• **Information shown**

----

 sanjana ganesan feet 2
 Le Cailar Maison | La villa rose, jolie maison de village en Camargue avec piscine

----

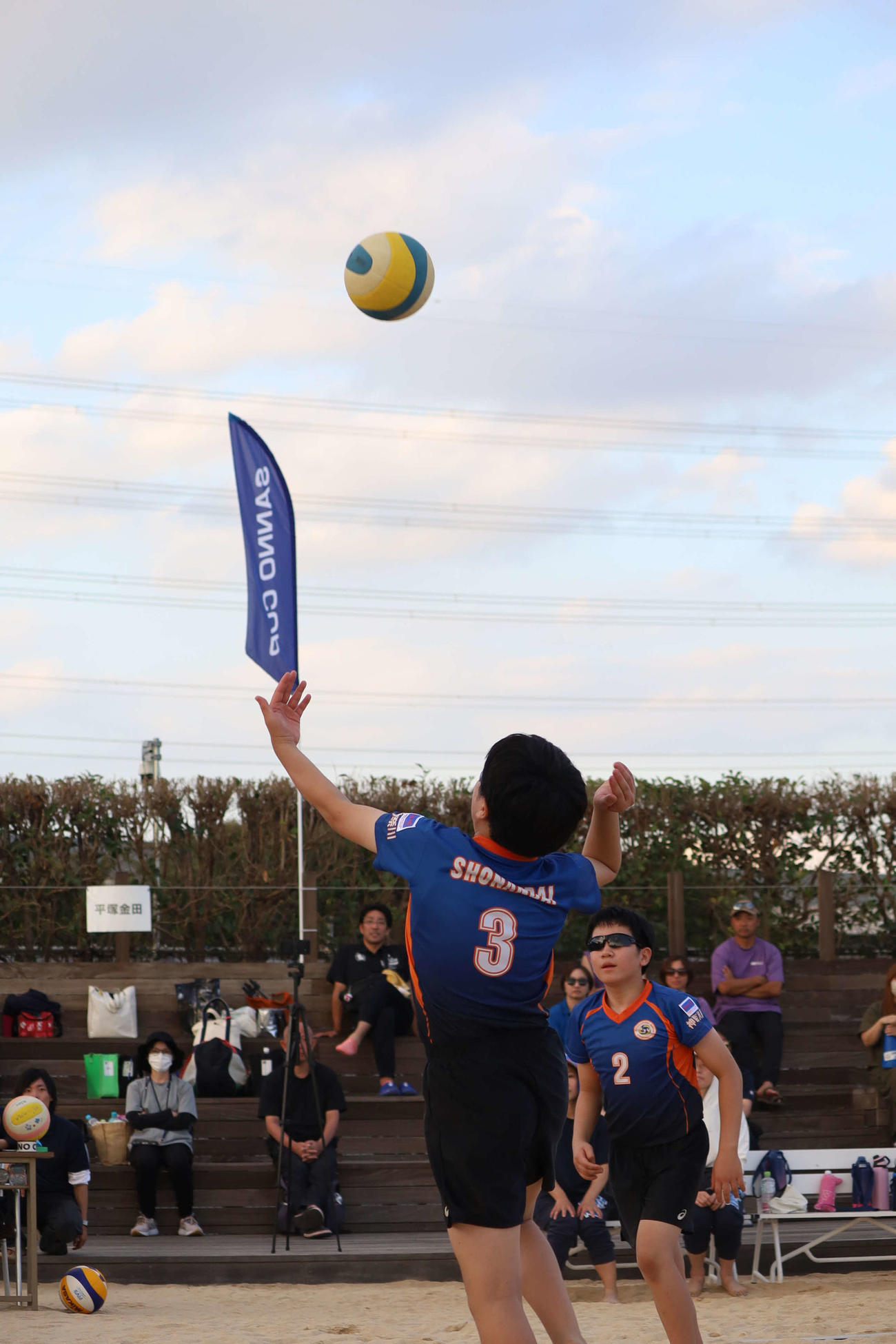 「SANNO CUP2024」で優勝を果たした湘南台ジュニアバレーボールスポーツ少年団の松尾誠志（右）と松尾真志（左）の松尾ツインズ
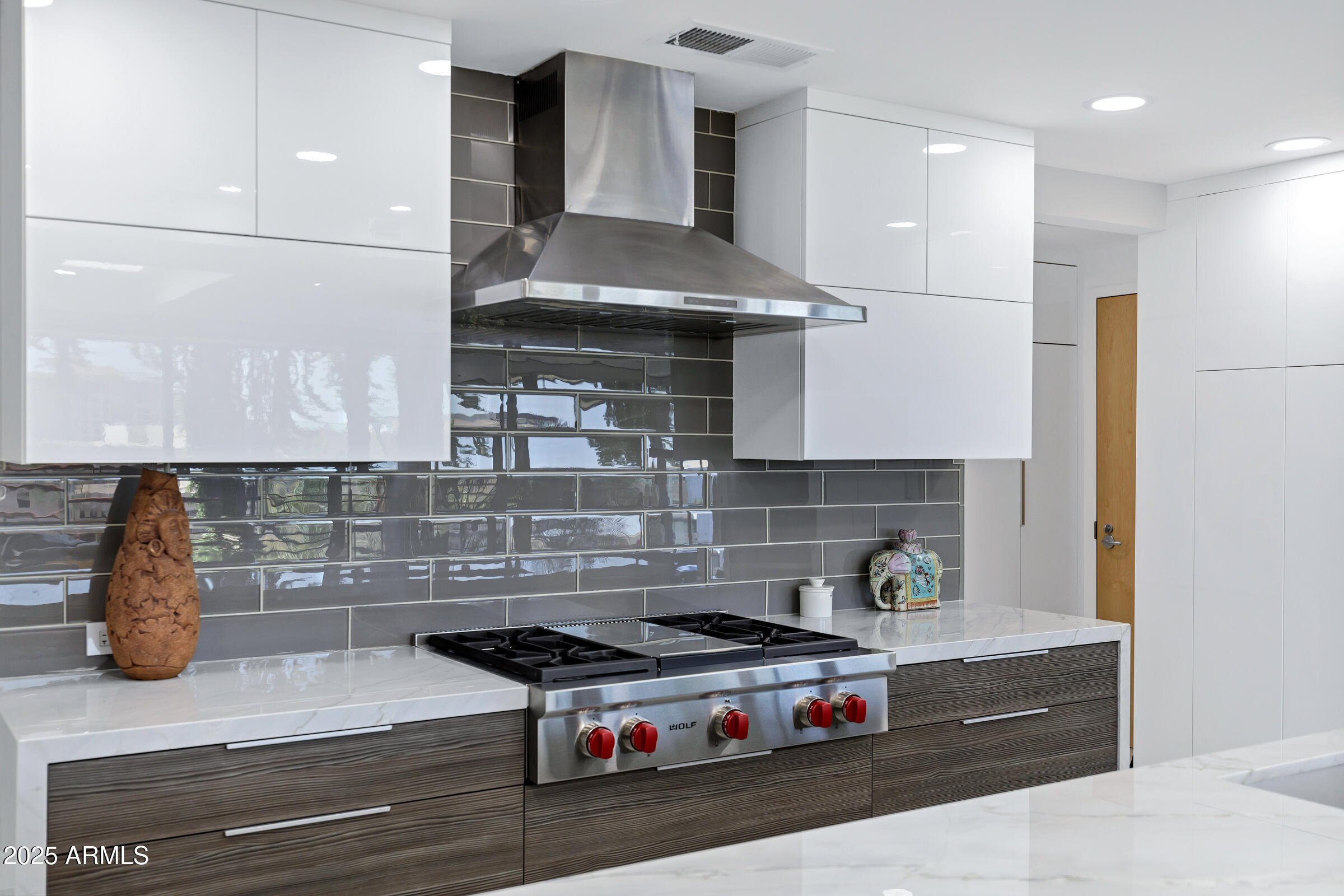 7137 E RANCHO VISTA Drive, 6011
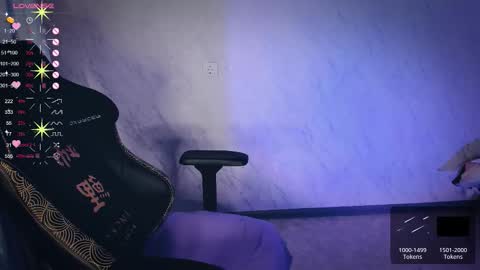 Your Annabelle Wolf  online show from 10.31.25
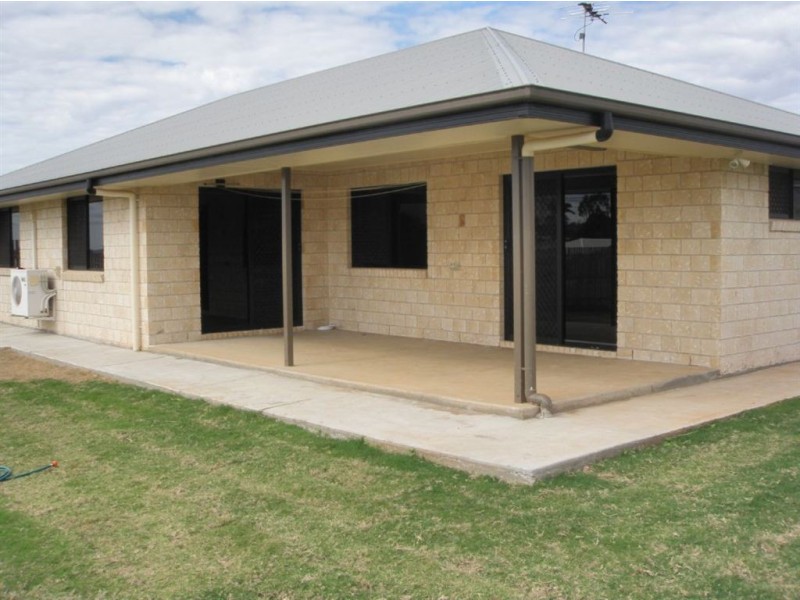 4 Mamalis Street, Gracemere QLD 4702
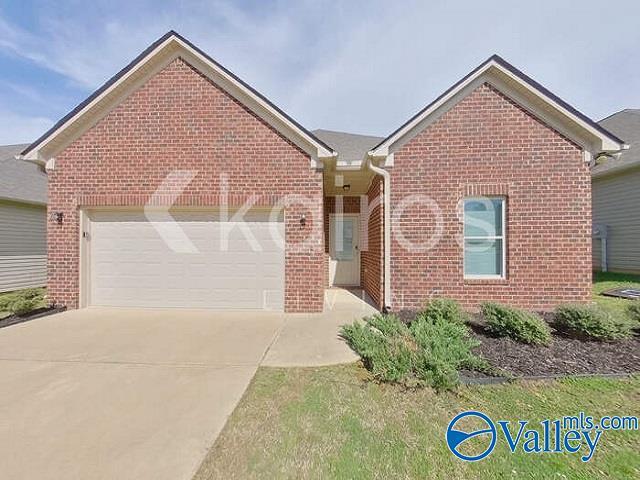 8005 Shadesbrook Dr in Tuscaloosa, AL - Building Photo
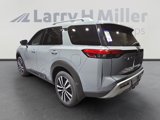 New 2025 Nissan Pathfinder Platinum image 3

----

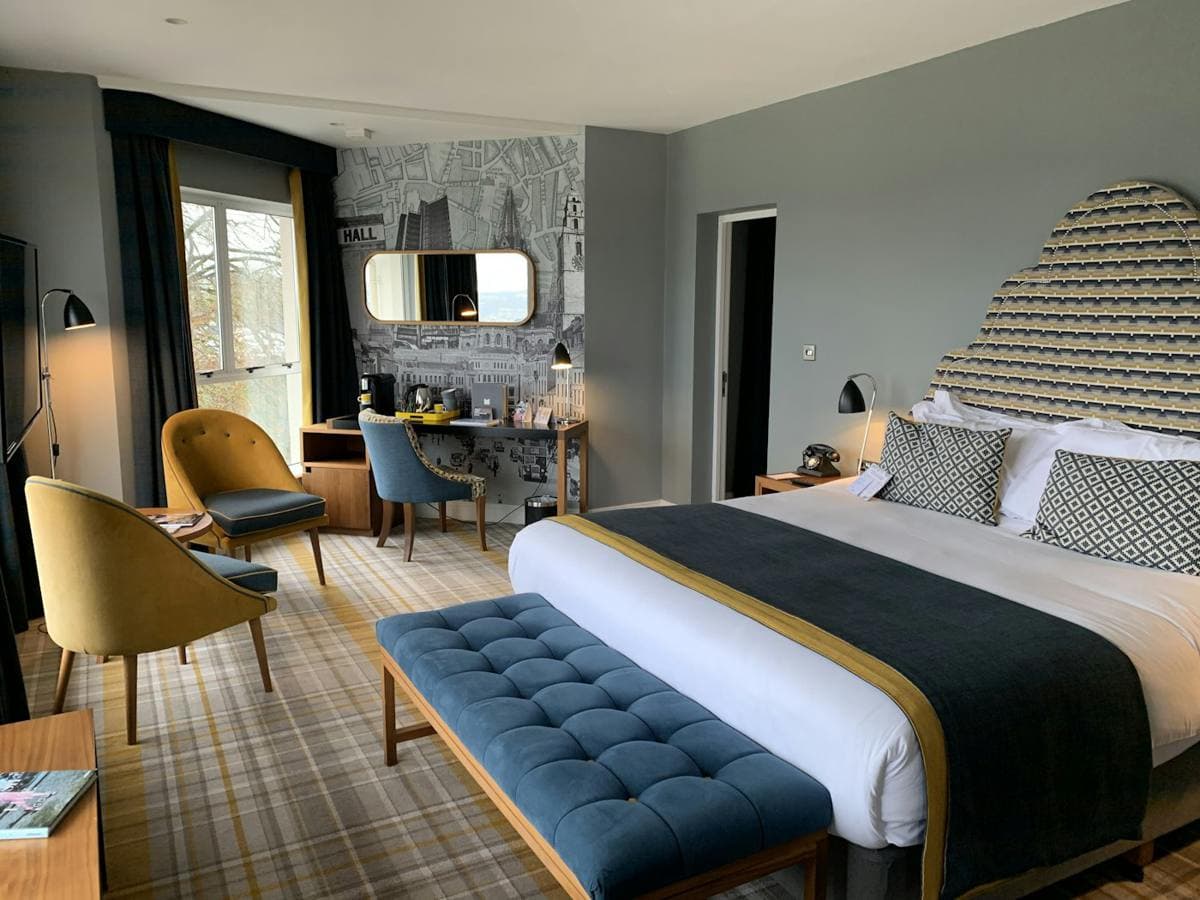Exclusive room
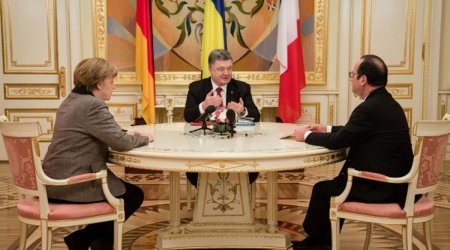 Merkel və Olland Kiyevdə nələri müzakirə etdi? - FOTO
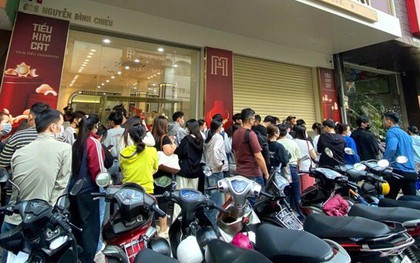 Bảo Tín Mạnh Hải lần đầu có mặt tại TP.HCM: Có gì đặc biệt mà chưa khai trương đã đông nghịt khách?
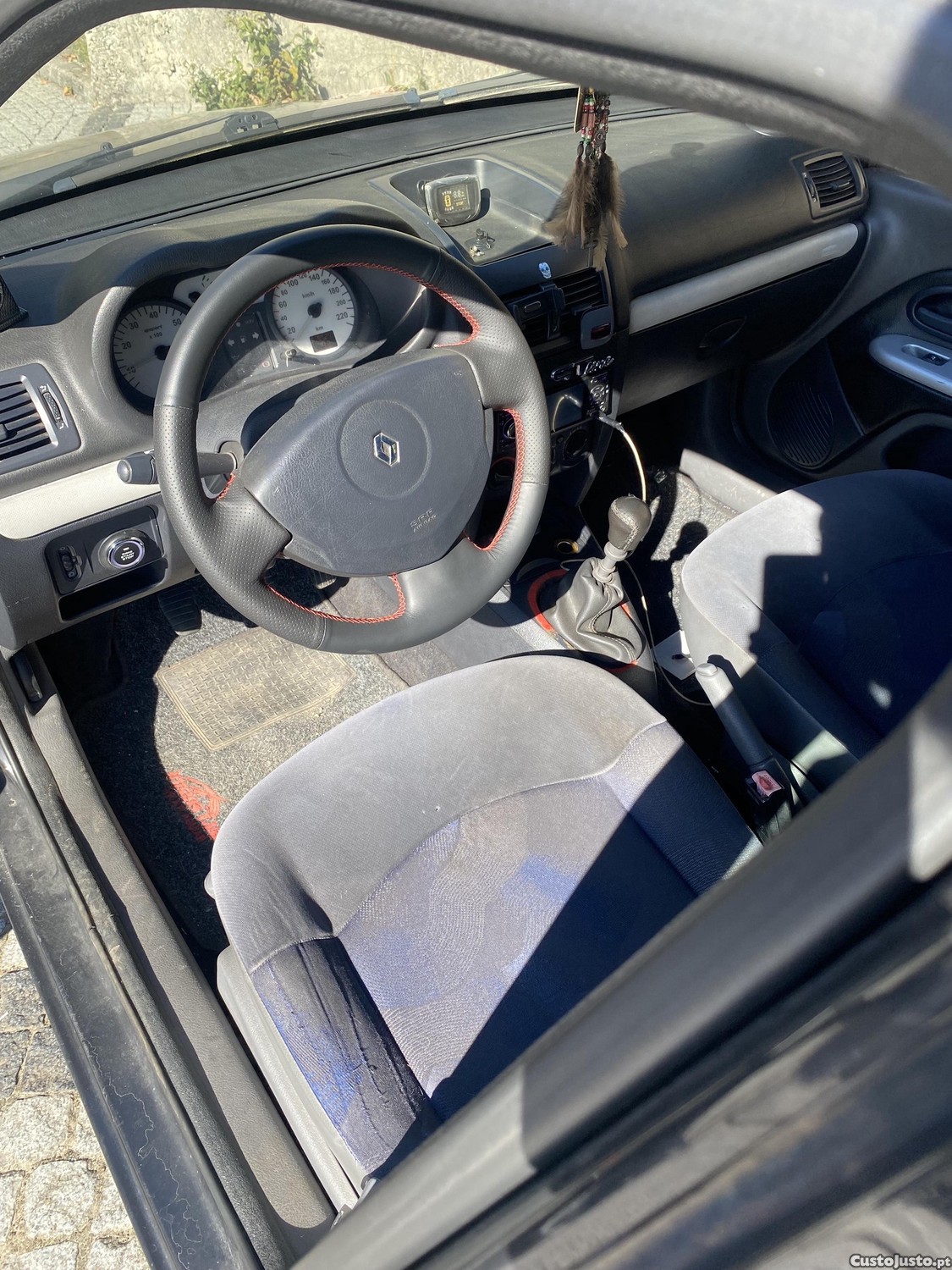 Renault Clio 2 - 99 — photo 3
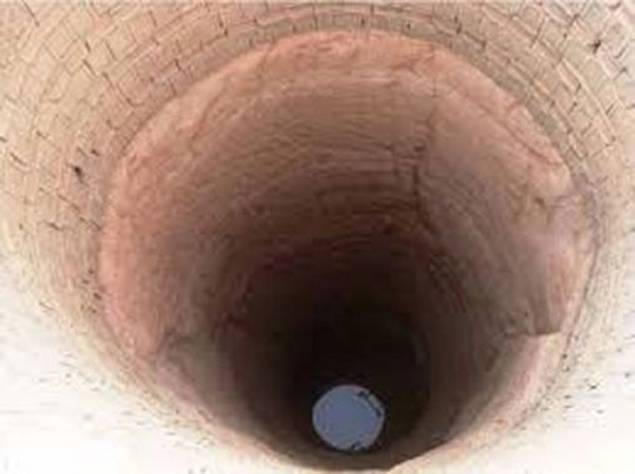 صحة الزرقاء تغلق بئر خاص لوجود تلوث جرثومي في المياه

----

• **What is expected**
Reproduce the entries exactly, from the line with "Renault Clio 2 - 99 — photo 3" to the line with "صحة الزرقاء تغلق", both lines included, keeping no pictures.

• **Reply**
 Renault Clio 2 - 99 — photo 3
 صحة الزرقاء تغلق بئر خاص لوجود تلوث جرثومي في المياه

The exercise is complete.